Science 37 Significantly Boosts Enrollment in GSK's Phase 3 PBC Trial Through Decentralized Approach

• Science 37 facilitated nearly half of the U.S. enrollment for GSK's Phase 3 trial on primary biliary cholangitis (PBC) using a direct-to-participant approach.
• The decentralized trial design addressed challenges of rare disease research by expanding geographic access and reducing patient burden.
• GSK leveraged Science 37's innovative services to reach patients in rural areas, overcoming barriers related to travel and frequent site visits.
• The trial achieved an 82.3% completion rate for Part A, demonstrating the effectiveness of at-home participation in evaluating the investigational drug.
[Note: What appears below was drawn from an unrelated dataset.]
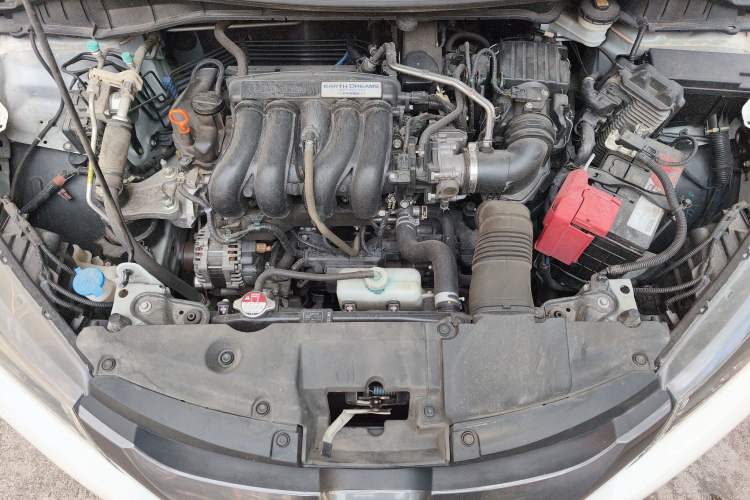Used Honda City 2015 1.5L CVT Comfort Version Engine Bay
GSK's Phase 3 trial for an investigational medicine targeting cholestatic pruritus in primary biliary cholangitis (PBC) saw a significant boost in U.S. enrollment, thanks to Science 37's decentralized trial approach. Science 37 contributed 47% of the U.S. participants needed for the global study, which required 230 participants.

Overcoming Enrollment Challenges in Rare Disease Research

Recognizing the difficulties in recruiting for rare disease studies, GSK adopted an innovative strategy to broaden trial access. Science 37's Direct-to-Participant Site solution allowed patients to participate from their homes, mitigating challenges like fatigue and the need for frequent site visits. This approach was particularly beneficial for patients in rural areas who would otherwise need to travel long distances to traditional clinical sites.
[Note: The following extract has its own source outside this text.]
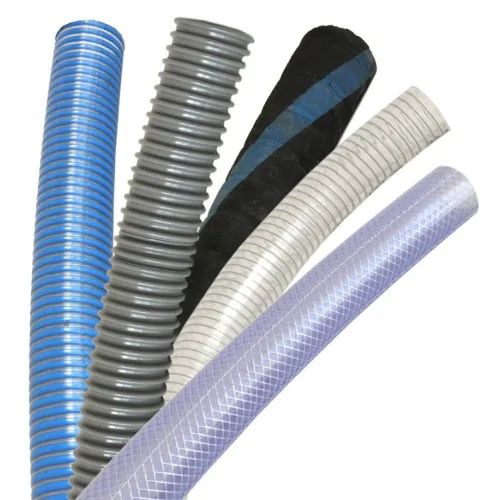 "Conjunto de diversas mangueiras flexíveis de irrigação, exibindo cores variadas como azul, cinza, preto, branco e lilás. As mangueiras apresentam diferentes texturas e padrões de superfície, evidenciando a variedade de opções disponíveis para sistemas de irrigação residenciais, agrícolas ou industriais, destacando resistência, flexibilidade e praticidade."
Brandon Maggio, Global Head of Digital Operations & Process Optimization at GSK, stated, "Science 37’s innovative services meant we could bring the trial to the homes or neighborhoods of patients in rural areas who would typically have to travel hundreds of miles to the nearest clinical site, which may otherwise have been a barrier to participating."
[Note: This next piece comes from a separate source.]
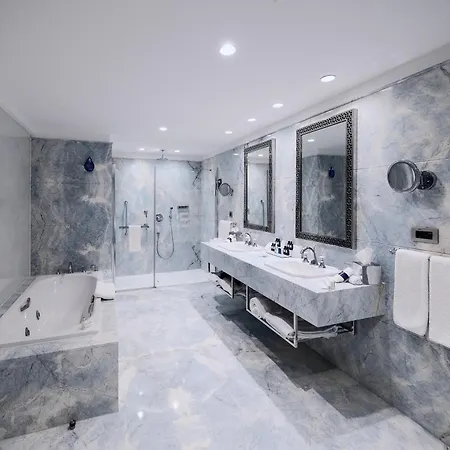 Radisson Blu Hotel, 5*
Enhancing Patient Experience and Data Collection

Science 37's capabilities enabled screening across most U.S. states, including areas without traditional brick-and-mortar sites. The platform also allowed participants at risk of dropping out from traditional sites to transition to an at-home trial experience, ensuring study continuity. This strategy resulted in an 82.3% completion rate for Part A of the trial, a critical phase for assessing the investigational drug's initial effects compared to placebo.

The Impact of Decentralized Trials

Dr. Debra Weinstein, VP of Internal Medicine and Principal Investigator at Science 37, emphasized the value of decentralized trials in rare disease research: "The enhanced access of a decentralized approach becomes invaluable when sponsors are dealing with small patient populations that are widely dispersed across countries or even continents."

The success of this collaboration underscores the potential of decentralized trials to improve patient access and engagement, ultimately accelerating clinical research in rare diseases.